How do you prove $\tan \left( {{180}^{\circ }}-a \right)=-\tan a$ ?

Answer 1

We can prove $\tan \left( {{180}^{\circ }}-a \right)$ is equal to – tan a by the difference formula tan (x-y) = $\dfrac{\tan x-\tan y}{1+\tan x\tan y}$ where a and b are not equal to $\dfrac{\pi }{2}$ . We can assume x as 180 and y as a then apply the formula to solve the question.

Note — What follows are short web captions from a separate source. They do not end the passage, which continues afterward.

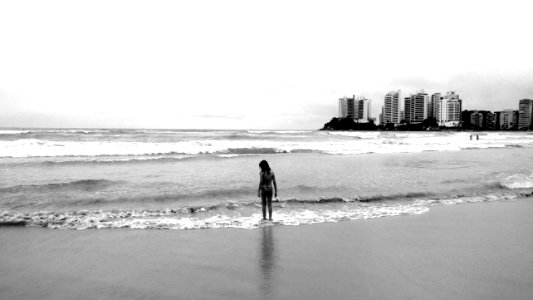 Grayscale Photo Of Female Standing Seashore photo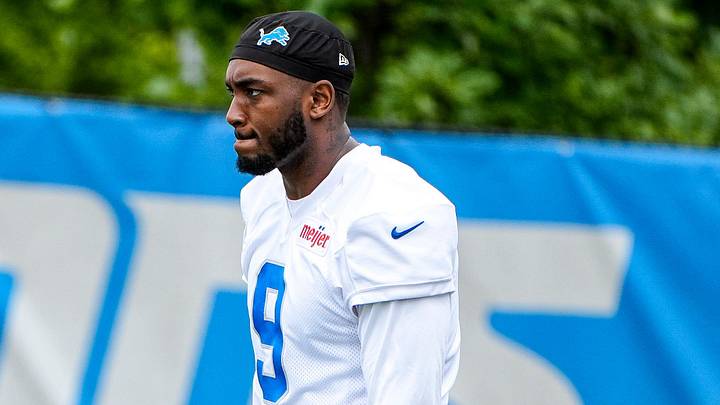 Detroit Lions defensive end Derrick Moore (9) walks onto the field before practice during minicamp Detroit Lions defensive end Derrick Moore (9) walks onto the field before practice during minicamp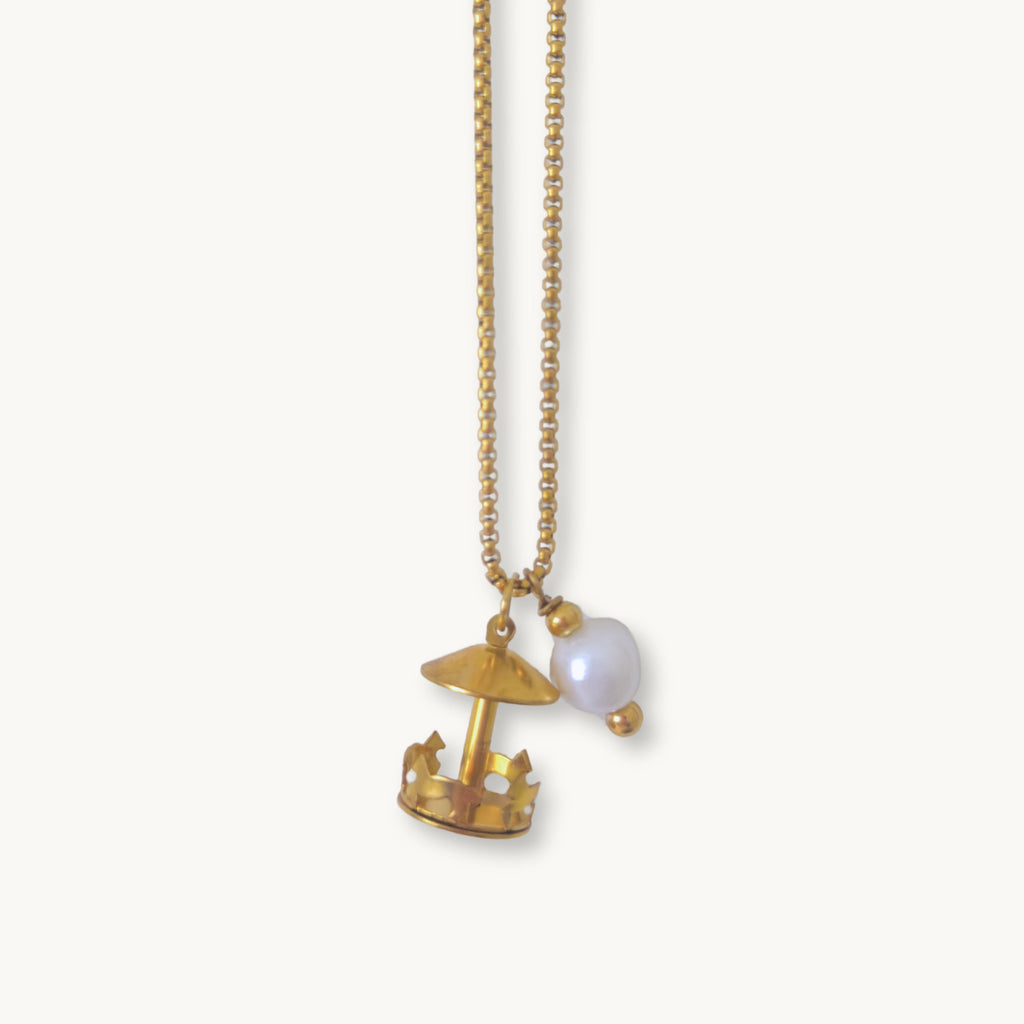 Close-up of the Gertrude Necklace featuring a detailed spinning merry-go-round charm and freshwater pearl accent on a gold-plated chain.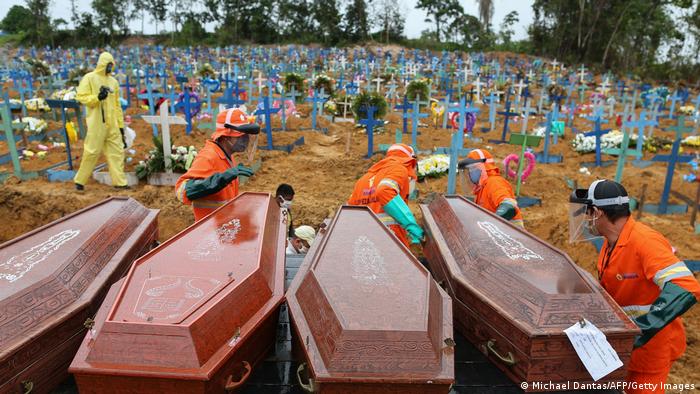 Coffins are unloaded to be buried in a mass grave at the Nossa Senhora cemetery in Manaus, Amazon state
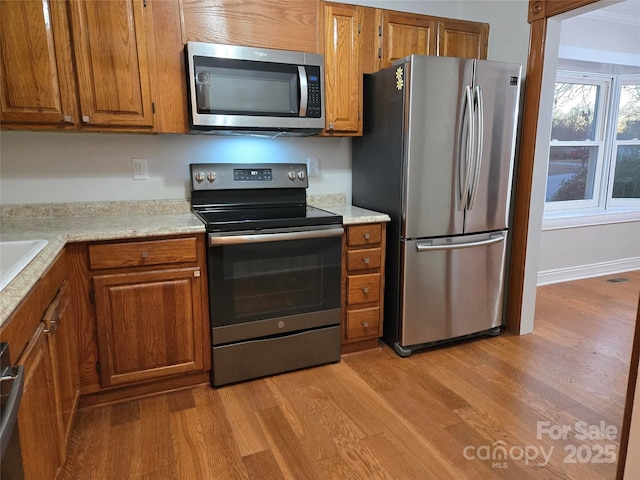 kitchen featuring visible vents, light wood finished floors, appliances with stainless steel finishes, brown cabinetry, and light countertops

Complete step by step answer:
We have to prove $\tan \left( {{180}^{\circ }}-a \right)=-\tan a$
We know that tan (x-y) = $\dfrac{\tan x-\tan y}{1+\tan x\tan y}$ so let’s apply the formula by taking x = ${{180}^{\circ }}$and y = a
$\Rightarrow \tan \left( {{180}^{\circ }}-a \right)=\dfrac{\tan {{180}^{\circ }}-\tan a}{1+\tan {{180}^{\circ }}\tan a}$
We know that the value of $\tan {{180}^{\circ }}$ is equal to 0.
Putting 0 in place of $\tan {{180}^{\circ }}$ we get
$\Rightarrow \tan \left( {{180}^{\circ }}-a \right)=\dfrac{0-\tan a}{1+0\times \tan a}$
Further solving we get
$\Rightarrow \tan \left( {{180}^{\circ }}-a \right)=-\tan a$ where a is not equal to $\dfrac{n\pi }{2}$ ; n is an integer

Note:
We can prove $\tan \left( {{180}^{\circ }}-a \right)$ is equal to – tan a by another , we know that tan x is the ratio of sin x and cos x , so $\tan \left( {{180}^{\circ }}-a \right)$ is the ratio of $\sin \left( {{180}^{\circ }}-a \right)$ and $\cos \left( {{180}^{\circ }}-a \right)$ .
$\Rightarrow \tan \left( {{180}^{\circ }}-a \right)=\dfrac{\sin \left( {{180}^{\circ }}-a \right)}{\cos \left( {{180}^{\circ }}-a \right)}$ where a is not equal to $\dfrac{n\pi }{2}$
We know that the value of $\sin \left( {{180}^{\circ }}-a \right)$ is equal to sin a and the value of $\cos \left( {{180}^{\circ }}-a \right)$ is – cos a
so we can write $\tan \left( {{180}^{\circ }}-a \right)=\dfrac{\sin a}{-\cos a}$ where a is not equal to $\dfrac{n\pi }{2}$
Now we can see $\tan \left( {{180}^{\circ }}-a \right)$ is equal to – tan a , where a is not equal to $\dfrac{n\pi }{2}$
Always keep mentioning the angle where the trigonometric function does not exist, that is because the proof we are doing will not be valid at that angle. So don’t forget to mention that like we did in the above proof. We have not included $\dfrac{n\pi }{2}$ because at $\dfrac{n\pi }{2}$ the value of $\dfrac{n\pi }{2}$ tends to infinity.